▶ **Given records**

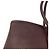 Hermès Bolso Tote Hermes Garden Party TPM Castaño - vista 10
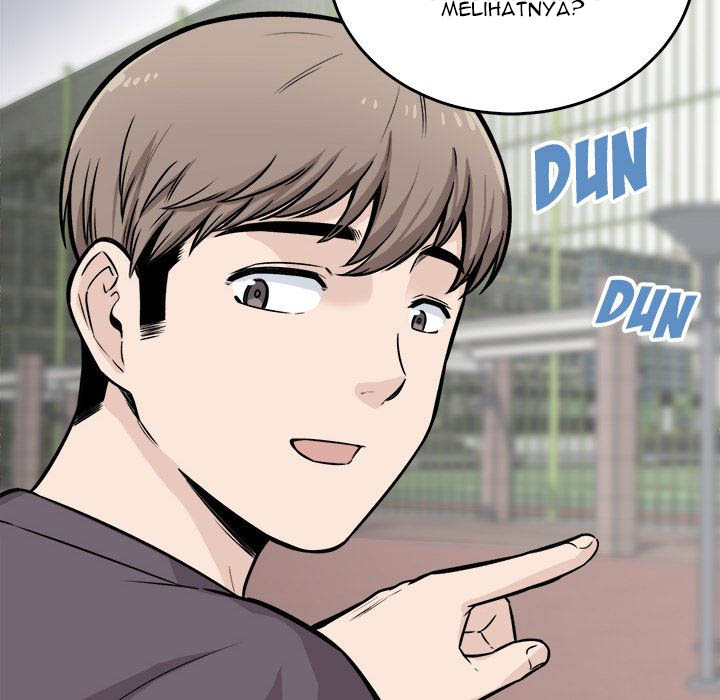 image-komik-the-ark-is-me-chapter-38-96/152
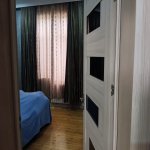 Satılır 5 otaqlı Həyət evi/villa, Masazır, Abşeron rayonu 5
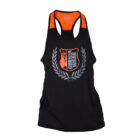 90117925-lexington-tank-top-orange-1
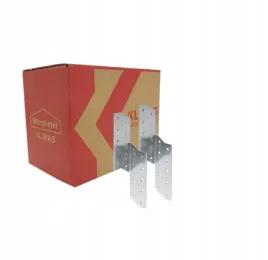 wkret-met-lacznik-krokwiowy-lk-170x100-mm-25-szt
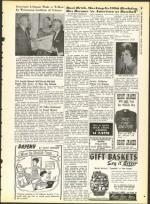 image of September 20, 1963 - number 19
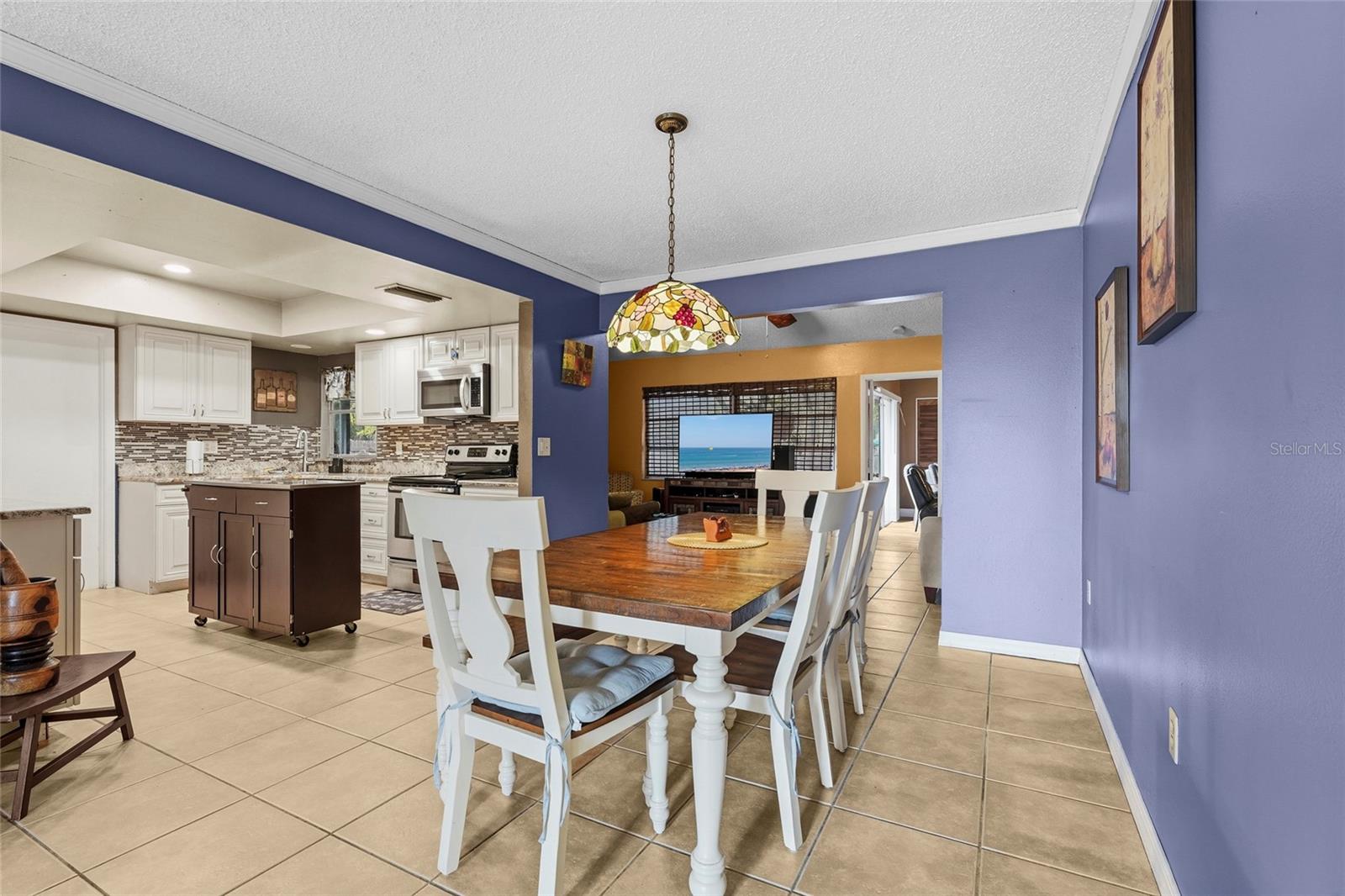 2356 TEAL AVE, SARASOTA, FL, 34232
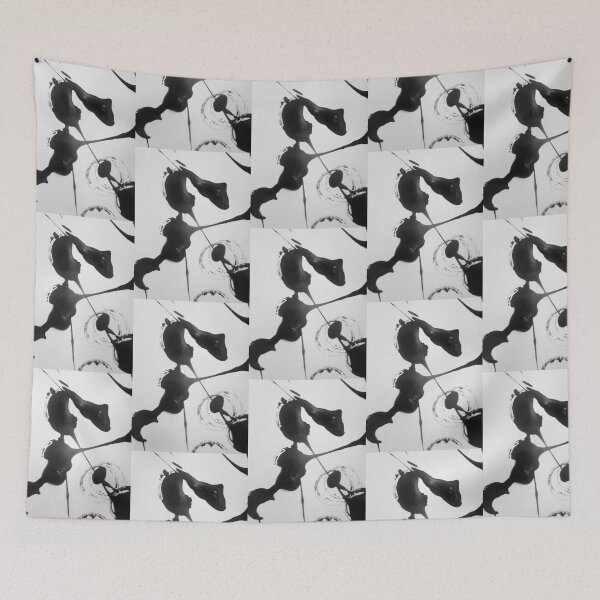 Item preview, Abstract 237 designed and sold by Shulie1.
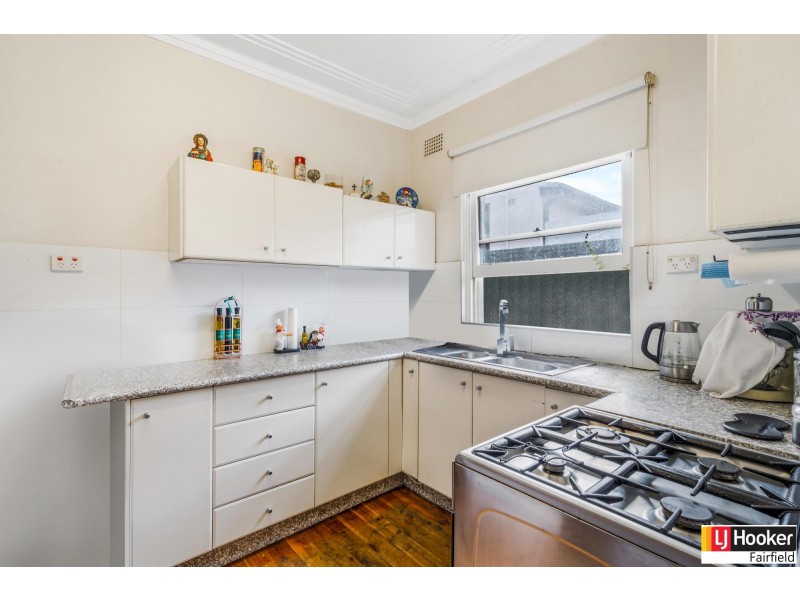 145 Wattle Street, Punchbowl NSW 2196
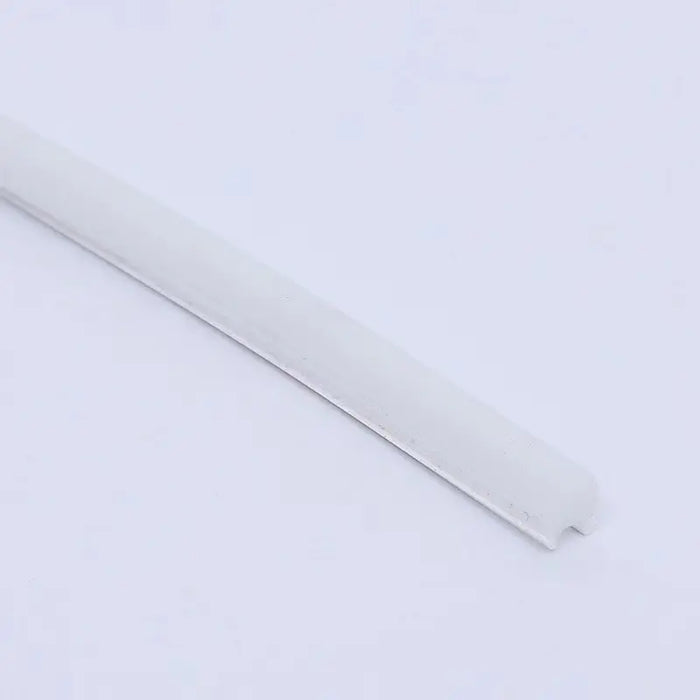 Néon flexibles en silicone 8mm Intérieur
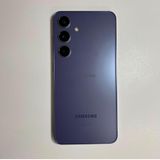 �����ʡ�Galaxy S24 256GB�ù�����SIM�ե꡼��SC-51E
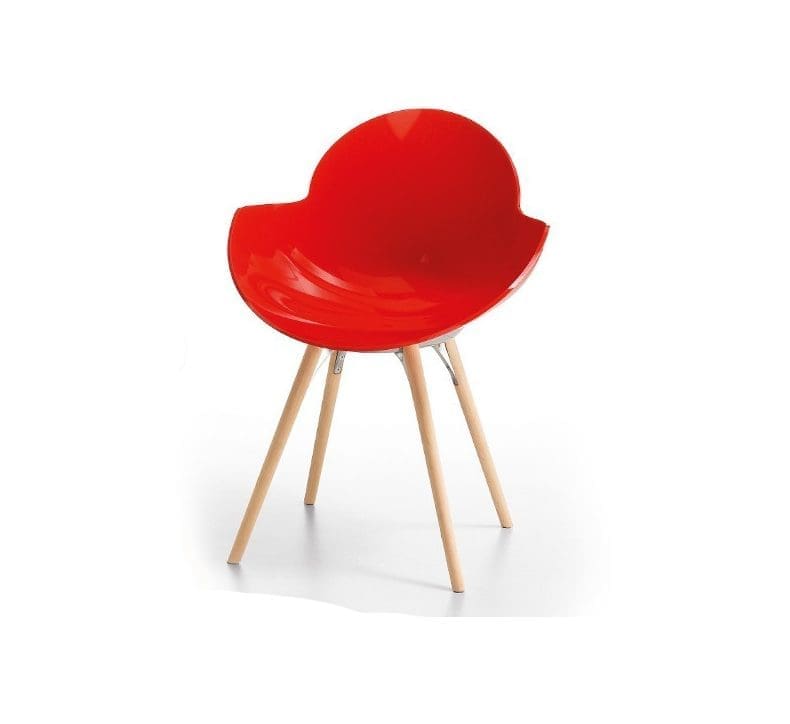 Immagine 2023-05-15 093249 Immagine 2023-05-15 093249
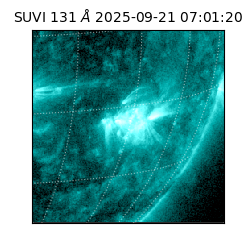 suvi - 2025-09-21T07:01:20.131000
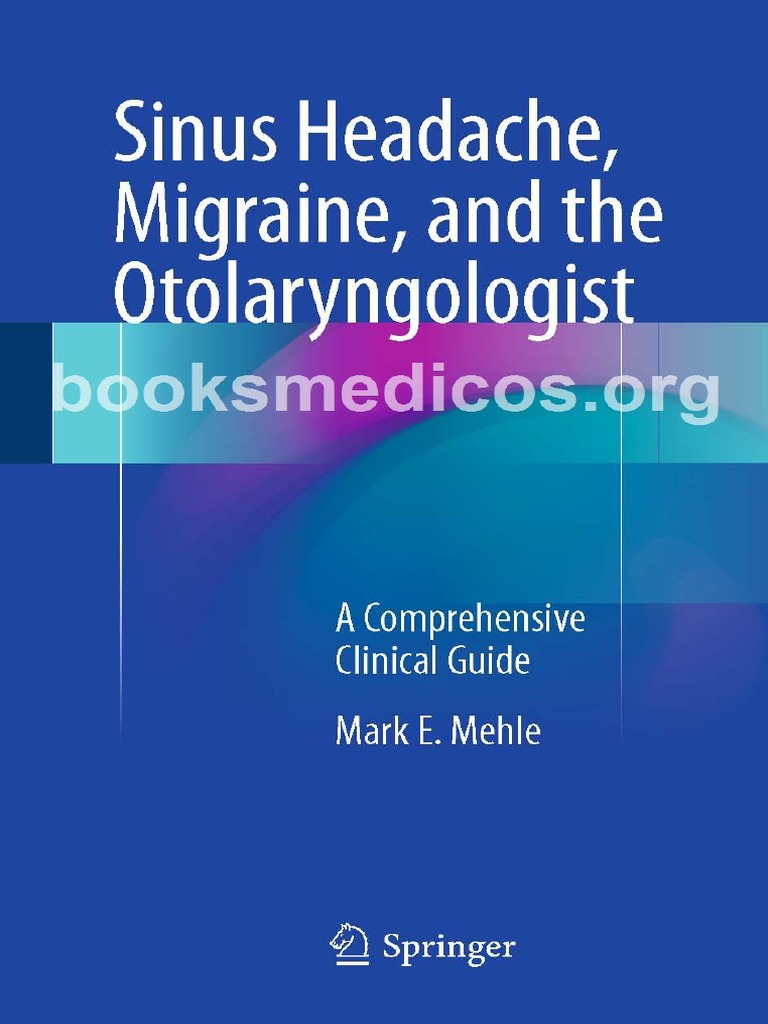 The Irresistible Ccl17 >> Sinus Headache And Migraines Migraine 33 Views The Irresistible Ccl17 >> Sinus Headache And Migraines Migraine 33 Views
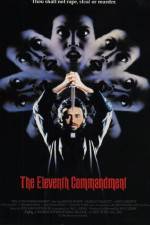 Watch The Eleventh Commandment 9Movies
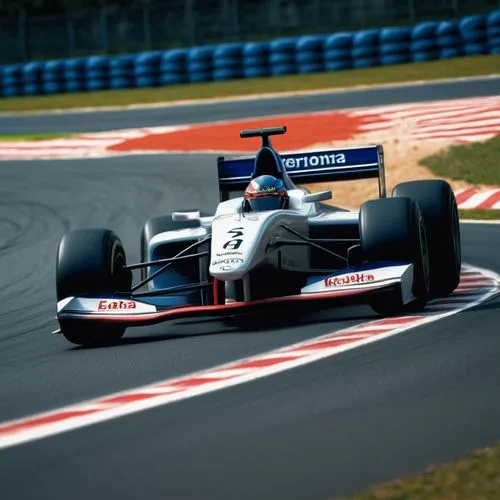 toleman,heidfeld,paffett,fortec,barrichello,hungaroring,sauber,cecotto,alan prost,bottas,silverstone,franchitti,lotterer,mansell,wendlinger,piquet,brdc,boullier,hinchcliffe,markelov,Photography,Documentary Photography,Documentary Photography 01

▶ **Work instructions**
Everything from the line containing "145 Wattle Street, Punchbowl NSW 2196" through the last line of the entries must be repeated verbatim, except pictures.

▶ **Problem solution**
 145 Wattle Street, Punchbowl NSW 2196
 Néon flexibles en silicone 8mm Intérieur
 �����ʡ�Galaxy S24 256GB�ù�����SIM�ե꡼��SC-51E
 Immagine 2023-05-15 093249 Immagine 2023-05-15 093249
 suvi - 2025-09-21T07:01:20.131000
 The Irresistible Ccl17 >> Sinus Headache And Migraines Migraine 33 Views The Irresistible Ccl17 >> Sinus Headache And Migraines Migraine 33 Views
 Watch The Eleventh Commandment 9Movies
 toleman,heidfeld,paffett,fortec,barrichello,hungaroring,sauber,cecotto,alan prost,bottas,silverstone,franchitti,lotterer,mansell,wendlinger,piquet,brdc,boullier,hinchcliffe,markelov,Photography,Documentary Photography,Documentary Photography 01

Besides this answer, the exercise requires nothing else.